Moments of Happiness
A lazy Sunday afternoon coding in the study
Nothing else to deal with
Endless Claude Code
Code that works on the first try
Look up and see the sunset coming through the window
A very simple kind of happiness

Some thoughts after sharing, and they have shifted again
Recently I interviewed a number of 985 university interns for campus recruiting. One strong impression: AI tools are rapidly widening the resource gap between students.

From what I have seen, the gap can really reach 5x. The students clearly ahead, without exception, all got into Claude Code, Codex, and other top AI Coding tools relatively early, and were willing to pay for subscriptions themselves. They do not just use the tools, they have made them part of their daily learning and development. Talking models, engineering, agents, and code practice, the conversation flows naturally for an hour. In many places they understand things more deeply than I do.

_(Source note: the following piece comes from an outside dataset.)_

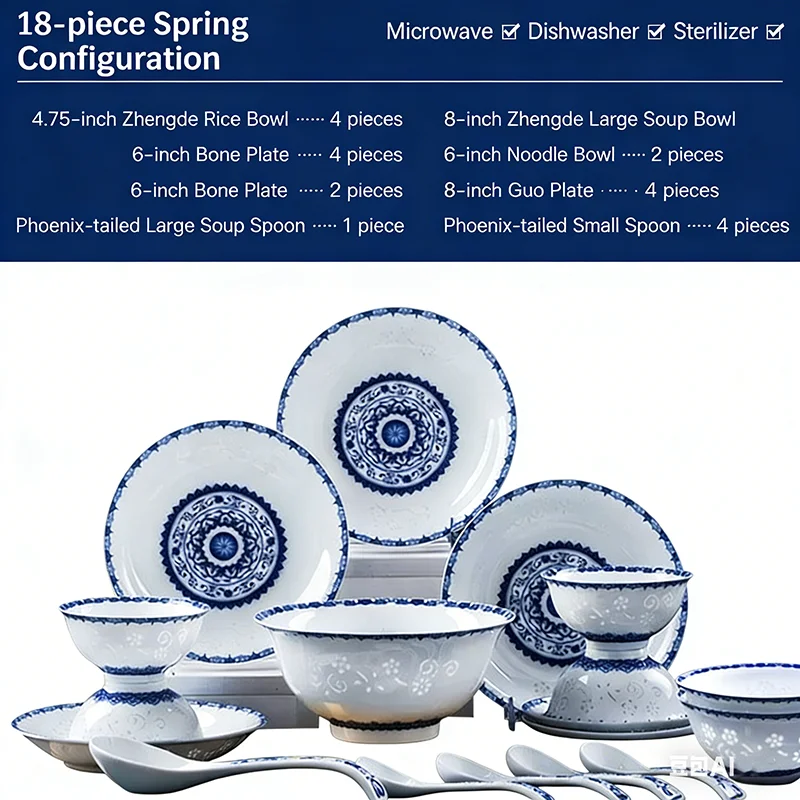 Blue And White Porcelain Dinner Set 18/28/60pcs Ceramics Dish Sets Full Set Luxury China Exquisite Tableware Set 4/6/10 Persons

But there are also quite a few students with great grades and solid CS fundamentals who, because of family conditions or budget limits, can only use domestic relays or cheaper local model packages. That gap is very real. The best domestic models and top international ones still have about half a year of difference in overall capability. Before AI, the resource gap mostly meant slightly different efficiency. Now it directly affects vision, depth of practice, and confidence.

I have been thinking about this a lot. For students with real potential, missing out on so much just because of a few dozen dollars a month feels like a real shame. It reminds me of when I was in college, also pretty broke most of the time. Lucky for me, in my second year I met some senior developers who pulled me into commercial projects and got me on my feet. I am very grateful to all the friends who patiently taught me technical things back then.

So I want to try a small experiment: take part of the X posting revenue and sponsor a few students who do well academically, love computer science, but come from less wealthy families. Give them a few months of Claude Code or a similar AI Coding subscription, so they actually experience what good models and dev workflows feel like.

But I am also pretty busy on my end and cannot personally handle applications, screening, verification, and long-term follow-up alone. So I want to invite some friends with similar interests to do it together. University teachers, student leads, open source community members, or friends already working in education, public welfare, or developer communities. Together we can come up with a more reliable mechanism.

I do not want to make this big or complex for now. Start small, maybe 5 to 6 students per round, 3 to 4 months each, perhaps with short weekly video chats with me. Prioritize recommendations, work portfolios, learning records, and real usage feedback, to avoid turning this into pure cash handouts or a contest of who writes the best application. Of course, college students who are on X probably do not lack this money, so we still need better channels.

If you have reliable channels, or want to help with rule design, recommendations, vetting, or follow-up, please DM me. If we can make this trustworthy, maybe we really can help a few students with real potential.

Update Reply:

After the message went out, I received plenty of suggestions and reminders from friends. I read them all carefully.

This really cannot be pushed forward on enthusiasm alone. On one side there are tool usage boundaries and compliance risks. On the other, the real needs of the student community, the screening method, and the follow-up feedback all need a more solid mechanism. Some friends mentioned getting badly burned doing similar things in the past, even bitten back in the end. I find that reminder very valuable.

So the plan now is to first gather more on the actual situation, like the real pain points college students face when using AI Coding tools, budget limits, learning scenarios, and real needs. Then put together a clearer proposal.

Going forward, I will prioritize working with domestic large model vendors, developer communities, and university teachers to see if there is a more formal and sustainable way to push this small step forward.